Rather like "posting on Slashdot" implies "knowing what you're talking about".
So the long help belief was that women's monasteries, which they obviously knew existed, just sat there twiddling their thumbs? I suspect people are projecting their modern biases pretty damn hard there. Back then life was hard, and it is pretty solid common sense that gender was much LESS of an issue, as survival was a little higher up the priority list.
Really, I googled "women monasteries illuminated manuscripts" and I found a book from 2009 about the subject (fifth result, the four before that were all about this article). Its introduction reads: "Although the majority of scribes who can be affiliated with women’s monastic manuscripts were themselves, in fact, women monastics, a number of their male contemporaries also contributed to monastic manuscript holdings". So it is actually the other way around: we knew about women scribes.
It is either (post)modern bias or just marketing ("look, we found something new, something none could believe"!) or probably both.
What is important about this discovery is more than anything else that it constitutes proof of the fact that women, presumably nuns, as well as monks were involved in the production of the most splendid manuscripts of the time because nobody except a first rate illustrator would have something as obscenely expensive as lapis lazuli in their dental plaque.
Which is already a well known fact since sometime they signed their works.
Uhhh... no.
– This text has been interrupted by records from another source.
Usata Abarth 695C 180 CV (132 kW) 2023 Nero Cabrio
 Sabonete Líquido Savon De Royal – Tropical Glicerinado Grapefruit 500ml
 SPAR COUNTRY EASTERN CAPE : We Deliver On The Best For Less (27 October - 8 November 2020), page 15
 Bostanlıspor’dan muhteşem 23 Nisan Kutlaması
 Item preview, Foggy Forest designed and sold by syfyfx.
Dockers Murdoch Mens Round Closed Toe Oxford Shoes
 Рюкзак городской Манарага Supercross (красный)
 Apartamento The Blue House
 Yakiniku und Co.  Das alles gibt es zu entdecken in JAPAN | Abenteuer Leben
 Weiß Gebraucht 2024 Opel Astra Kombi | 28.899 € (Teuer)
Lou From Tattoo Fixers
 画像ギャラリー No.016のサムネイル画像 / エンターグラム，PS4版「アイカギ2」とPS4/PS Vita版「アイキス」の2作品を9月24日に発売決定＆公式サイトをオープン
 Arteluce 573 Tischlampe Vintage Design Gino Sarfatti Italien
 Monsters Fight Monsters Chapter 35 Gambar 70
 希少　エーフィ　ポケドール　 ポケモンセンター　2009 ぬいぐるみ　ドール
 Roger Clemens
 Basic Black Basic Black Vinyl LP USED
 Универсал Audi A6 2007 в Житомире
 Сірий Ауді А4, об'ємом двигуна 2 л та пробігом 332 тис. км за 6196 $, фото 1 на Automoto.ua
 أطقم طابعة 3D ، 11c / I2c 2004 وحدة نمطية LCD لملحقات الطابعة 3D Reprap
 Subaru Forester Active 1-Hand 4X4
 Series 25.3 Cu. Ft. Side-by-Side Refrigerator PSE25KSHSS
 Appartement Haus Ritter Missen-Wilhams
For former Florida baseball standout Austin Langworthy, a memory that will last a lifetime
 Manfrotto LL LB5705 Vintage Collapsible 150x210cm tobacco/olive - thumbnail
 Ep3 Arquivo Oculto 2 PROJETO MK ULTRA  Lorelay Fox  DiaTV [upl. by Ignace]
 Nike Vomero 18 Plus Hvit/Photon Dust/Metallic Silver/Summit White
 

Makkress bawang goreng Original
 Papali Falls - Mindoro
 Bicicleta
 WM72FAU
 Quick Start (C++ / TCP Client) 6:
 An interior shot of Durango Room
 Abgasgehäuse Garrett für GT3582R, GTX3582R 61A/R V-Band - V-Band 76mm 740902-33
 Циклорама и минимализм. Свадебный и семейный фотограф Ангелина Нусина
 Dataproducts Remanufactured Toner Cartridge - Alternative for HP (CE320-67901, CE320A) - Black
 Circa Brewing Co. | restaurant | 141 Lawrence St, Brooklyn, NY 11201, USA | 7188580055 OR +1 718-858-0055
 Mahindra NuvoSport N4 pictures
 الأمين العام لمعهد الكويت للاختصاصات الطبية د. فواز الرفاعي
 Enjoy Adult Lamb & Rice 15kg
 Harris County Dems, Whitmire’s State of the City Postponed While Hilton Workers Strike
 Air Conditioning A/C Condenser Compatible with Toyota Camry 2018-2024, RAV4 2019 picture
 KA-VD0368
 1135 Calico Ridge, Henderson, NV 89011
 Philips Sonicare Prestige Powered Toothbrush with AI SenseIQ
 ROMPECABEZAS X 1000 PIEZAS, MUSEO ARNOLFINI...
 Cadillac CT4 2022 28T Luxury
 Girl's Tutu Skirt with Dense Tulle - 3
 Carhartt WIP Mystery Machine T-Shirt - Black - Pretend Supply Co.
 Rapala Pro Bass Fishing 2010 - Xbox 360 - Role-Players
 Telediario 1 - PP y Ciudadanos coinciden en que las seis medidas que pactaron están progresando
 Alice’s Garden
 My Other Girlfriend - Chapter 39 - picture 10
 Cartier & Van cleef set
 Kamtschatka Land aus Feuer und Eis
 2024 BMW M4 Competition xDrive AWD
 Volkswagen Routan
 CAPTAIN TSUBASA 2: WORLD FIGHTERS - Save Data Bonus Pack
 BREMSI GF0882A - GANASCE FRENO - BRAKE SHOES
The church regularly cracked down on education and what they called ‘feral latin’ among the clergy. Bishops and commissions of scholarly monks conducted regular visitations in parishes to judge and report the state of affairs.
They had to crack down on it because it existed. And of course they were 100% uncorruptable and diligent, like all clergy everywhere are renowned as being.
Plus, lapis lazuli was imported from Afghanistan and was at times more valuable than gold so this woman was an illustrator of some very high end texts. What is important about this discovery is more than anything else that it constitutes proof of the fact that women, presumably nuns, as well as monks were involved in the production of the most splendid manuscripts of the time because nobody except a first rate illustrator would have something as obscenely expensive as lapis lazuli in their dental plaque.
Sure. None of which has any bearing on literacy.
It has a bearing on what TFA is about, I.e. that women were involved in the creation of some of the most exclusive illustrated manuscripts of the period, real masretmaster pieces like the Codex Aureus made for the emperor himself. When the radiator grill costs its weight in gold and the car the the grill is going into costs the yearly revenue of a whole county you do not let just any hack handle the assembly work. TFA made no claims about having proven that medieval women were literate. It has been well documented that women were literate since very ancient times. The literacy issue is a straw man you created. Also, I have read period documents written by clergy involved in visitations during the Middle Ages and these people took their work really seriously. Your completely unsubstantiated claim they all were corrupt is unfair. Ecclesiastical corruption did happen but it also regularly led to reform movements within the church and demands for reform among the civilian population. The biggest manifestation of this being the Protestant reformation.